Effects of slice preparation and recording temperature on spontaneous inhibitory postsynaptic currents (sIPSCs) recorded in CeA neurons. Representative sIPSC traces at baseline (top) and in the presence of CRF (bottom) from CeA neurons in the sucrose‐heater off (A), sucrose‐heater on (B), NMDG‐heater off (C), and NMDG‐heater on (D) conditions. Scale bar shown in (D) describes panels A‐D. (E) Baseline sIPSC frequency of CeA neurons recorded under each condition. *Indicates main effect of slicing solution and recording temperature; P < 0.05, two‐way ANOVA; ^‡ P < 0.05 relative to NMDG‐heater on, Tukey’s multiple comparisons test. (F) Baseline sIPSC amplitude of CeA neurons recorded under each condition. *Indicates main effect of slicing solution and recording temperature; P < 0.05, two‐way ANOVA. (G) Change in sIPSC frequency in the presence of CRF, expressed as a percentage of baseline. No significant effect of time, slicing solution, or recording temperature indicated by three‐way ANOVA. (H) Change in sIPSC frequency in the presence of CRF, expressed as a raw change from baseline. *Indicates main effect of slicing solution, recording temperature, and time, as well as an interaction between the time and recording temperature; P < 0.05, three‐way ANOVA. (I) Average CRF‐induced change in sIPSC frequency, expressed as a percentage of baseline. (J) Average CRF‐induced change in sIPSC frequency, expressed as a raw change from baseline. *Indicates main effect of recording temperature; p < 0.05, two‐way ANOVA. Relatively small changes in sIPSC frequency in (J) appear as large changes in (I) for those neurons with a low baseline sIPSC frequency, and vice versa. (K) Change in sIPSC amplitude in the presence of CRF, expressed as a percentage of baseline.

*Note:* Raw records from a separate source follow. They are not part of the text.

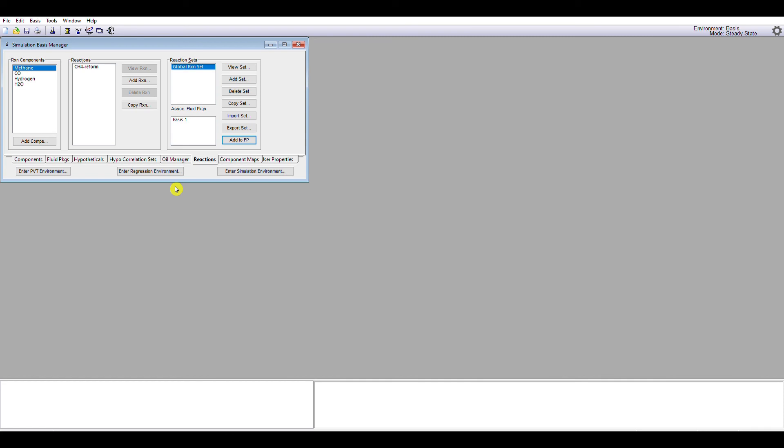So that is the first three steps of the simulation workflow complete. We have set components, we have set a thermodynamic description, and we have set the chemical reactions. The next thing we do is to enter the simulation environment and start to draw up our flow sheet.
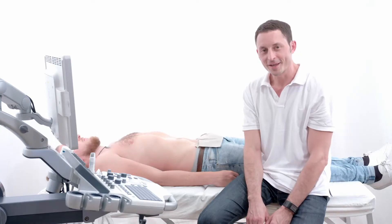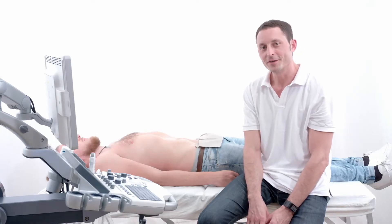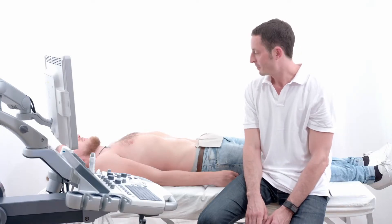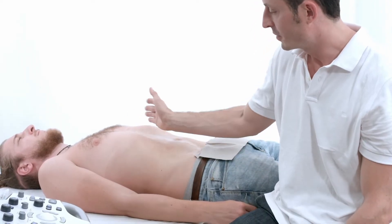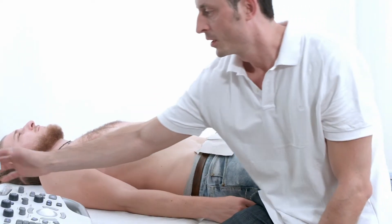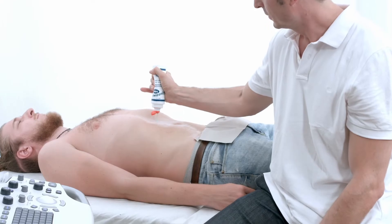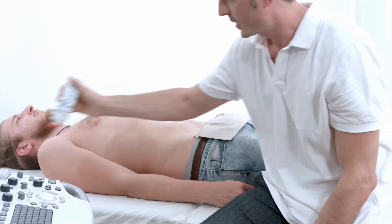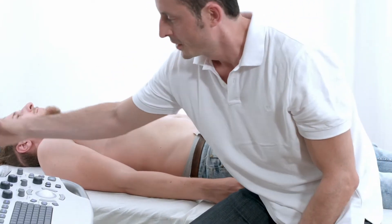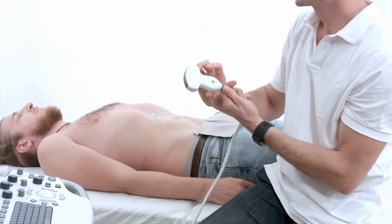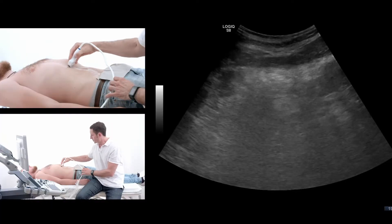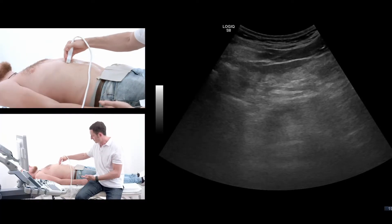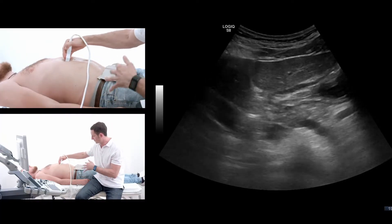Now I'm going to show you the standard ultrasound of the pancreas. The pancreas lies in a diagonal position in the body. We'll use ultrasound gel on the epigastrium and the curved area probe. I will tell the patient to press out his body to make a round tummy.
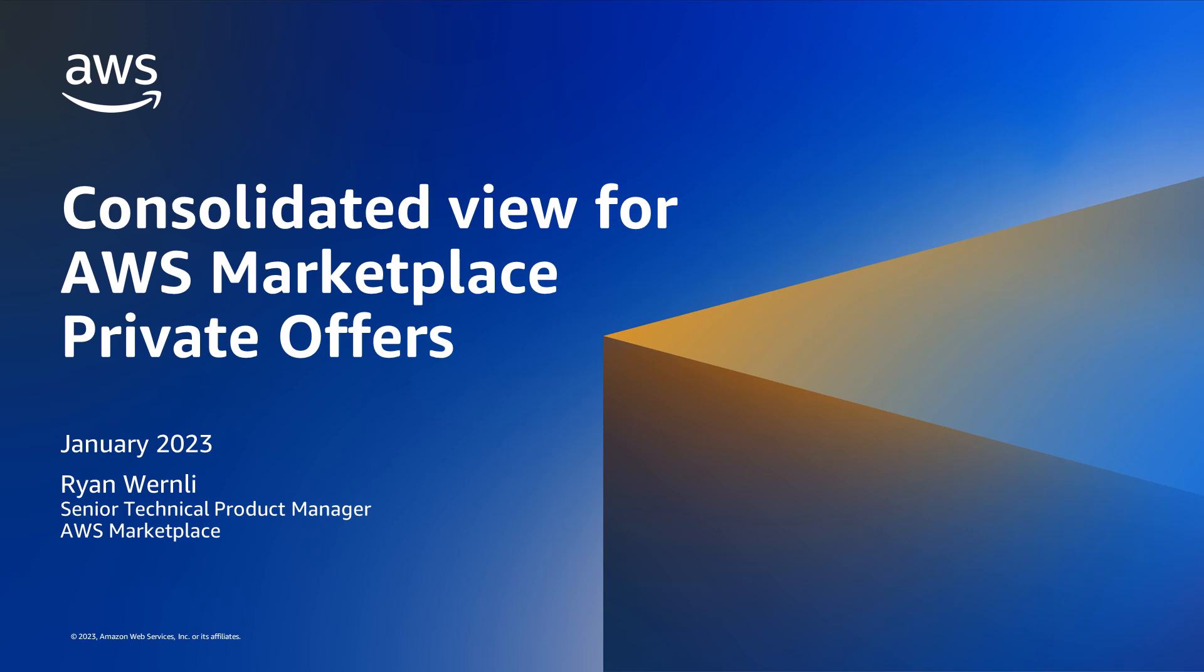Hi, I'm Ryan Wernley, a Senior Technical Product Manager for AWS Marketplace.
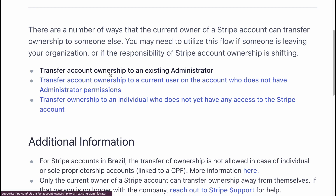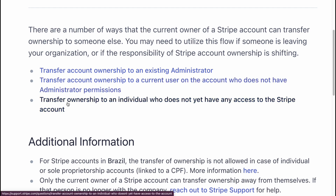Transfer account to an existing administrator. You can also transfer account ownership to a current user on the account who does not have administrator permissions, and also transfer ownership to an individual who does not have any access to the Stripe account.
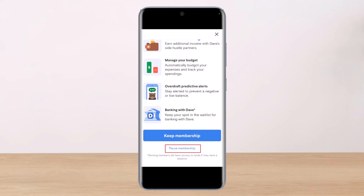As you tap on Manage Membership, select the option called View Membership Status. Here you'll find the option that says Pause Membership at the bottom. Tap on it, then tap the Got It button to confirm. Once you pause your membership, you will not get charged and Dave will stop taking money from your account.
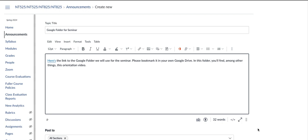Okay, due to some of the challenges with the Canvas shell for our seminar, I've arranged for us to be able to move through the entire seminar using Google Drive.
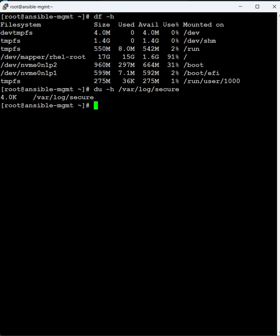For example, this complete absolute path of the secure file. The size of the secure file is 4KB. This is how we can identify the disk usage directory and at the same time partition.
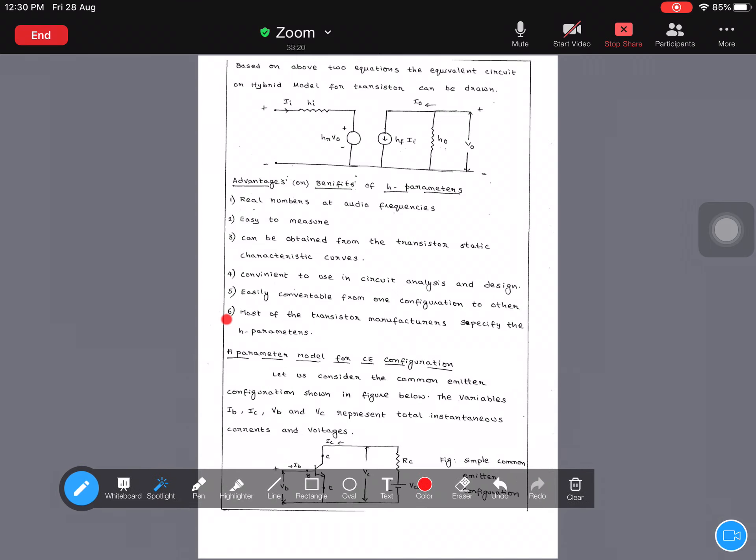In the next class, I will deal with the hybrid parameter model for the common emitter (CE) configuration.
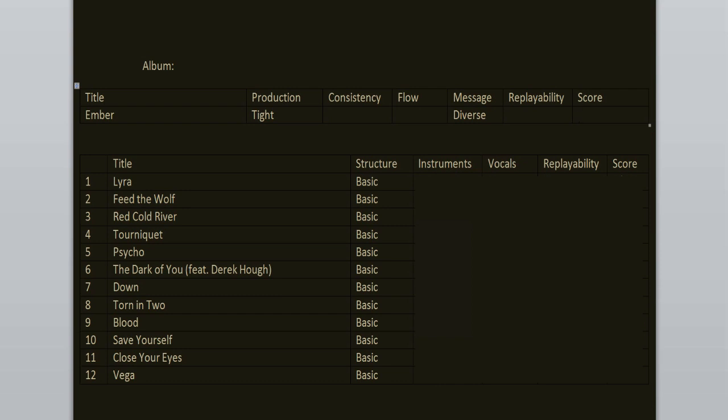The album starts with an intro, Lyra, which morphs into Feed the Wolf. I must say that I don't care for these intros. I wish that albums would start just with music, but this one is actually very nice. It transitions very well into the next song. 6 out of 10.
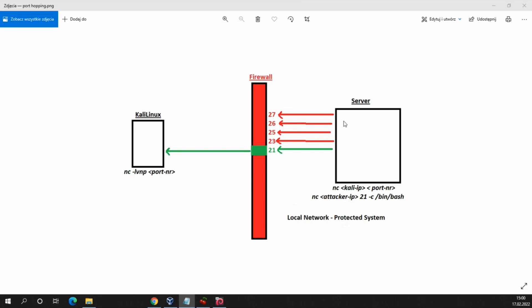Let's assume that we have a server in a local network, and this network is protected by a firewall which blocks ports from and to this local network. Port hopping is a technique which involves hopping from one port to another until finding an open port and establishing a connection with the second point.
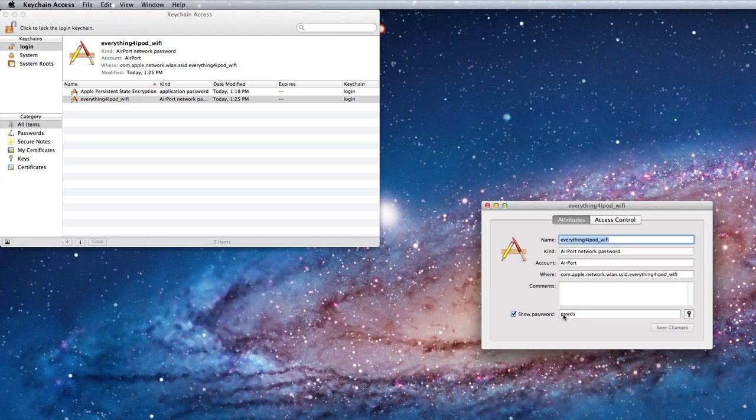So my wifi network password is pswds. So there it is, that's how to get your wifi passwords.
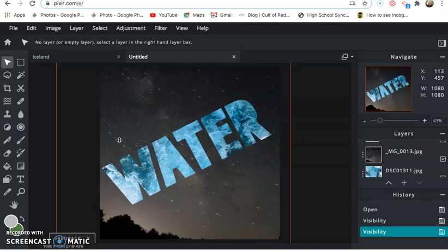So that is the end of this demonstration. I hope you found this helpful. Good luck with your picture making. Bye!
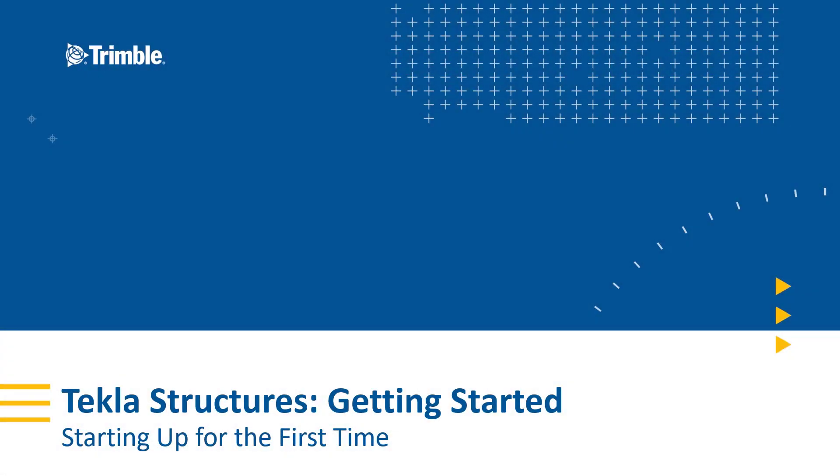Hello, my name is Ryan Page, and I'm an application specialist for Tekla Structures. Today we will be discussing getting started with Tekla Structures, and we'll be focusing on starting the software for the first time.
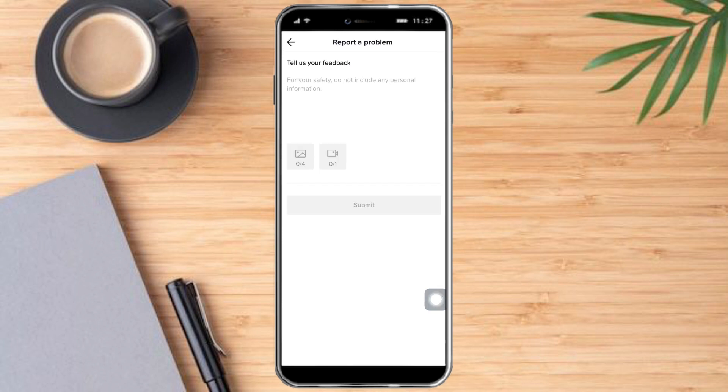In here you can directly report your problem to TikTok. You can say that you can't change your age on TikTok and you want to change it because you've made a mistake on the last registration process.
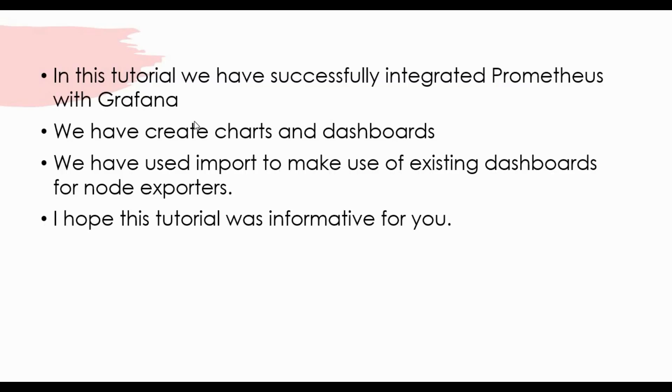To summarize this tutorial, we have successfully integrated Prometheus with Grafana. We have created charts and dashboards. We have also seen how to import the existing dashboard for node exporter. I hope this tutorial is informative for you.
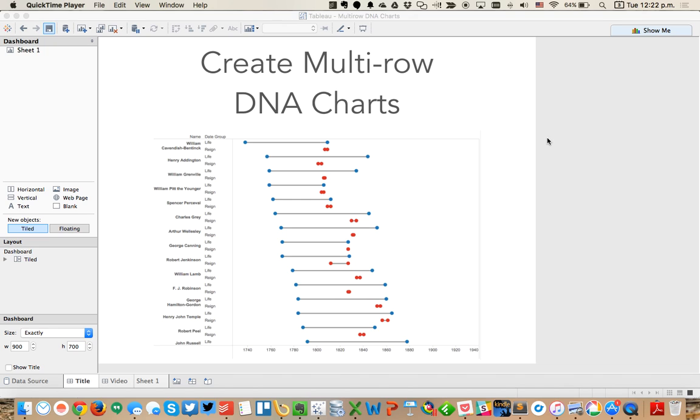In this week's Tableau Tip Tuesday, I'm going to show you how to create multiple row DNA charts. You can see I've got a picture here of an example of what I'm looking at. I've got the names of different prime ministers in the UK and how long they lived versus how long they reigned, but those are in separate rows.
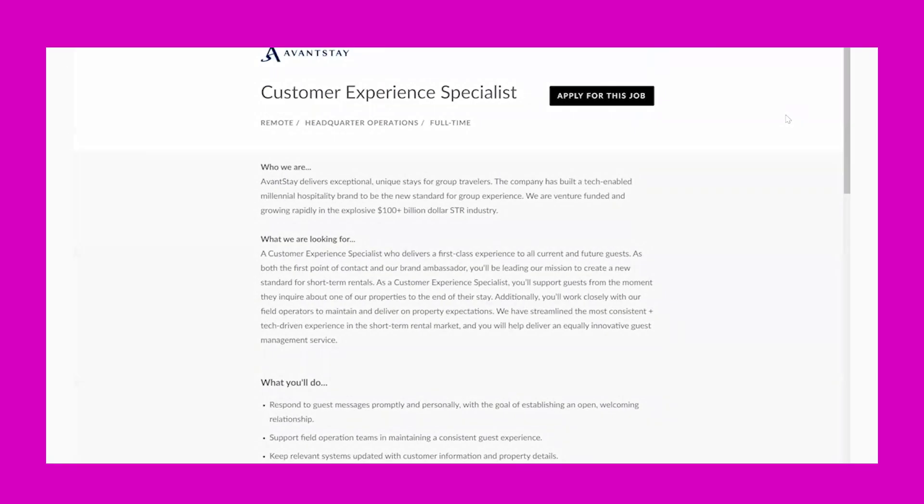I am looking at a company called AvantStay, and they have a Customer Experience Specialist opportunity available. This is a remote opportunity and it looks to be based in the U.S. This opportunity is full-time and will pay $15 per hour at least; it may be more based off of what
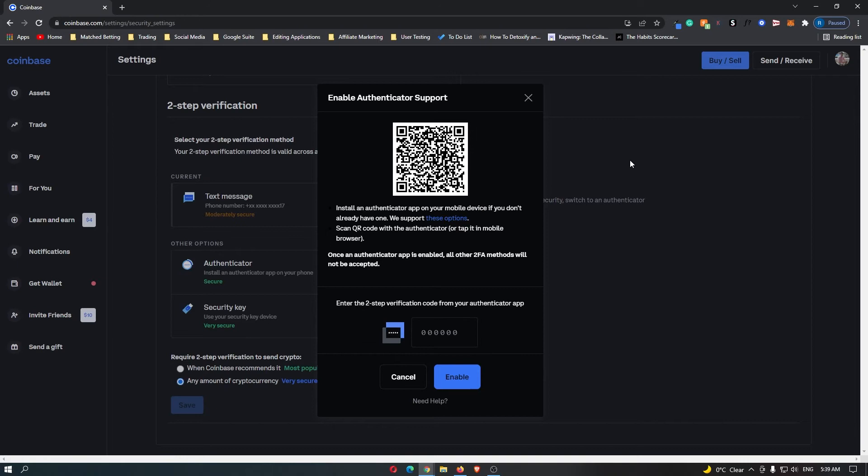I already have this on my phone, so I'll just pull this up. As you can see, I'm opening up Google Authenticator right here. What you want to do is click this plus arrow in the bottom corner, click scan QR code, and now you can go here and scan the QR code.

No significant effect of time, slicing solution, or recording temperature indicated by three‐way ANOVA. (L) Change in sIPSC amplitude in the presence of CRF, expressed as a raw change from baseline. No significant effect of time, slicing solution, or recording temperature indicated by three‐way ANOVA. Data in (E‐L) shown as mean ± SEM. The number of cells and rats for each condition were as follows: NMDG‐heater on, eight cells from six rats; NMDG‐heater off, seven cells from four rats; sucrose‐heater on, nine cells from eight rats; sucrose‐heater off, seven cells from six rats.